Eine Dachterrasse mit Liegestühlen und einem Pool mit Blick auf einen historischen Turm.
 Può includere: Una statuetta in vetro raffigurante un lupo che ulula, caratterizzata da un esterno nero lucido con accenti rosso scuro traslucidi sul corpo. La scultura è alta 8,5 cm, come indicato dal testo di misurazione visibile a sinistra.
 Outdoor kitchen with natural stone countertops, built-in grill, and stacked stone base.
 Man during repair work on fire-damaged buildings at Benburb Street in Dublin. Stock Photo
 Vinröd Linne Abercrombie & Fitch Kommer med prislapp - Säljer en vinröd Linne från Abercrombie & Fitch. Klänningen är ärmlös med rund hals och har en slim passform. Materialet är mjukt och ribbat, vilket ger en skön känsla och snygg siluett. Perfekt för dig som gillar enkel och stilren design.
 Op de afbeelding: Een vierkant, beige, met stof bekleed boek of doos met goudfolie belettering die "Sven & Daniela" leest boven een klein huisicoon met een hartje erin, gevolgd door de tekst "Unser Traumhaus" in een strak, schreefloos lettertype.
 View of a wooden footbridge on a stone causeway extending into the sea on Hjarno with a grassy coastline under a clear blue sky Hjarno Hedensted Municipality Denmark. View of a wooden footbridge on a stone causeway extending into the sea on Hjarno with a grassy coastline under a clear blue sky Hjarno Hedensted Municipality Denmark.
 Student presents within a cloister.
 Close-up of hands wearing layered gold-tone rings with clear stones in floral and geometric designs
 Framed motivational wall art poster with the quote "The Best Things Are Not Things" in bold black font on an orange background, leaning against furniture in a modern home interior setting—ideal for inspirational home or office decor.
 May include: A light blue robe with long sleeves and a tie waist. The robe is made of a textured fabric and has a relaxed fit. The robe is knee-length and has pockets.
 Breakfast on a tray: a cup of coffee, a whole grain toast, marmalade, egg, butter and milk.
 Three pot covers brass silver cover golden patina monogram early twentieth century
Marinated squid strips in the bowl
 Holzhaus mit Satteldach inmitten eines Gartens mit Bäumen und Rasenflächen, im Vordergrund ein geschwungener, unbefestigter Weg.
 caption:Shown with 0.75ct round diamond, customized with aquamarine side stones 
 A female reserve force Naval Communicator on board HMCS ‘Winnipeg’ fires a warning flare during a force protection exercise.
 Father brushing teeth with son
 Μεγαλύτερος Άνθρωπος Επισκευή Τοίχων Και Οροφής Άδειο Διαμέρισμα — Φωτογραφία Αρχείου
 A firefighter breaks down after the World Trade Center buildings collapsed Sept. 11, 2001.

========

**ASSIGNED TASK**: Every line of the material that holds "stones" should be copied out as the answer.

**SOLUTION**:
 Close-up of hands wearing layered gold-tone rings with clear stones in floral and geometric designs
 caption:Shown with 0.75ct round diamond, customized with aquamarine side stones 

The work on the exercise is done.